Hearing this comment from the Handler speaking to him through the Para-RAID from the other side of the wall, Isuka snorted.

“The little black goat we got recently is lasting longer than expected.”

The Handlers were cattle keepers meant to make sure the Eighty-Six wouldn’t rebel, but a lot of them were idiots who neglected their jobs. The Handler assigned to the Stiletto squadron was relatively diligent, though. It was mostly the difference between a neglectful idiot and a hardworking one.

They were idiots and disgusting white pigs just the same. They stayed behind the walls and thought anything that occurred on this battlefield was none of their business. The Republic had no intent of fighting this war. To them, drones simply fought each other to death in some faraway world, and sometimes, these drones would remember that and regard them with scorn in their eyes.

Either way, that was how Isuka, the long-running captain of the Stiletto squadron, had known this Handler for quite a while, despite neither of them knowing each other’s names or faces.

And the Handler of course knew about the reason Isuka requested “goats” every now and then. Weak, useless members, or members of minorities. And given how short the cycles were with which Isuka asked them to send new goats, he likely had some inkling that the goats were being treated cruelly enough to die that soon.

But among the goats the Handler had sent him, Shin was proving to be quite the catch. He clearly looked like he had noble Imperial blood, but he was in fact stronger than any of the previous scapegoats and indeed most of the squadron. Maybe the fact that his origins were that obvious made it so he had to get stronger if he was to survive.

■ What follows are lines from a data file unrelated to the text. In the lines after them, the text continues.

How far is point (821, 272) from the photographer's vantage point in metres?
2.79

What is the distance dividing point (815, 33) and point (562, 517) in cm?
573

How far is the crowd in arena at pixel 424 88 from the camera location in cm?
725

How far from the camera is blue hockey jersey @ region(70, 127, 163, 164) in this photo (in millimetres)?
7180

And as expected, he was surviving much longer than the average scapegoat. He accepted the way his squad mates treated him, and yet, in stark contrast to how detached he looked, he seemed to care for them.

Mirei, who had picked a fight with him not long ago, had died in the previous day’s battle. But Shin survived. Isuka had recently started asking himself if Shin only let his squad mates’ bullying slide because he knew they were bound to die before he did.

“You damn pigs eat your own—even the children,” the Handler sneered. “You Eighty-Six are barbaric. That’s the kind of vulgar behavior we noble Republic citizens can’t understand. Filthy subhumans.”

“Like you’re one to talk, Handler One,” Isuka sneered in turn.

The Eighty-Six were supposed to be citizens of the Republic just the same. The Republic used child soldiers, like him and Shin and Ruliya, as disposable parts of a drone.

Isuka felt a cold, almost terrifying silence settle over the Resonance.

“…Don’t act like you’re our equal, you filthy stain.”

This did nothing to really scare Isuka. The Republic locked them away in this battlefield and forced them to fight, but it wasn’t like a simple civilian like this Handler had any special authority over the Eighty-Six. The most he did was send them supplies, and if the squadron got wiped out, it would be seen as the Handler’s fault.

Apparently, with the Republic’s territory having been greatly reduced because of the war, the unemployment rate had become quite high, and so the Handlers worked in exchange for a monthly wage. But it seemed the Handlers weren’t pressed for money enough to accept having a pig talk back to them.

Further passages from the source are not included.